I absolutely have no idea for myself, as to why this is something so uncomfortable.
So now that I have reflected upon it, I realize how illogical it is, at least for me.
But having said that, its a very real discomforting thing for me, so I doubt that it will change anytime soon.
So now I am curious if any other people with ASD's have an understanding as to why they dont like eye contact.

Friday, January 16, 2009

Just a quick question.

Since the holiday season ended, things have quieted down to a nice lull, that I have been really enjoying.
Having said that, I haven't really been able to think of anything to write.
But, I was having a conversation with one of our neighbors, and the topic about eye contact came up.
That got me to wondering.
What exactly about looking into someones eyes is so important?

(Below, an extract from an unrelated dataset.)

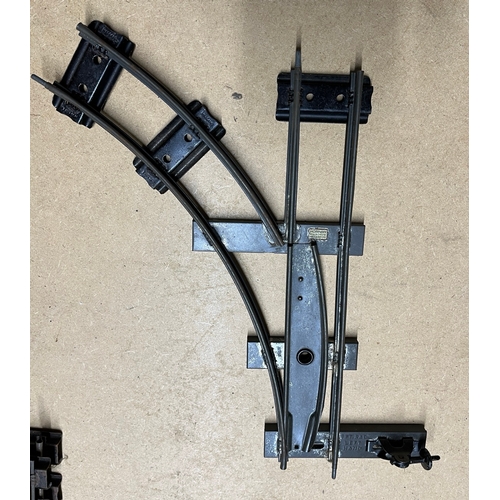 97 - A quantity of ‘O’ gauge track with various turn-outs and cross-overs. Tarnished. - Poor 10000g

I mean, eyes are pretty, but alone, they have almost no value in a conversation. You cannot tell if someone is being deceptive based only upon their eyes, but one must also focus on the corners of the eyes, the eyebrows, and the eyelids. Sometimes, with really good liars, you must look at more than that, like their lips, or what they do with their head, the direction that they tip it when talking, etc.
Of course, dilation of a pupil can indicate whether the person you are speaking to feels you are attractive or not, but shouldn't be used as a guarantee of their feelings, as there are other factors that can cause pupil dilation, (drug use, lighting, a recent visit to the optometrist).

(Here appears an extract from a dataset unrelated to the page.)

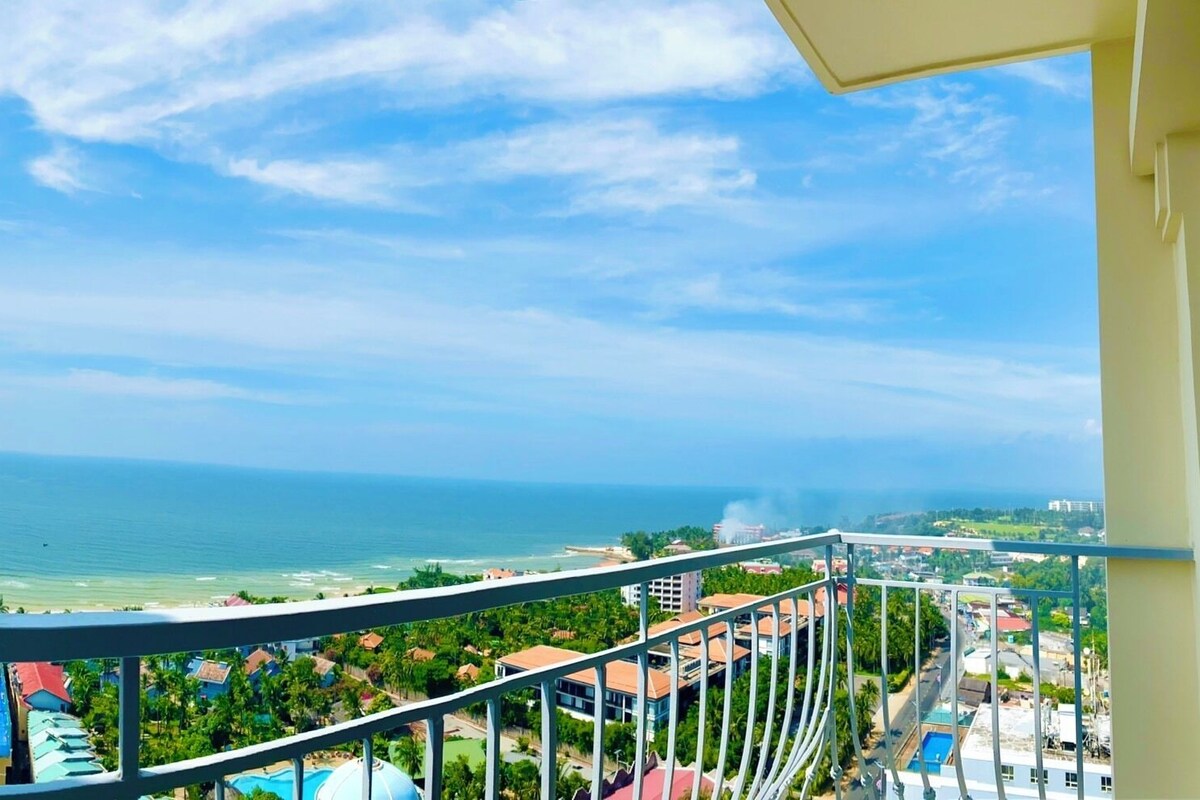 A balcony with a view of the ocean and a resort area.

So I am trying to understand why NT's in general feel that eye contact is so important.
From my point of view, as someone with Asperger's, I don't really find much value, other than aesthetics, for continued, or prolonged eye contact.
Do you get something else from looking into someones eyes when they are talking?
I've tried looking into my wife's eyes. They are olive with little, white specks, although on occasion they are hazel rather than olive. Pretty.
But looking into her eyes when having a conversation with her, doesn't seem to add anything more to the conversation, so am I missing something?
Can any NT's out their help me understand this?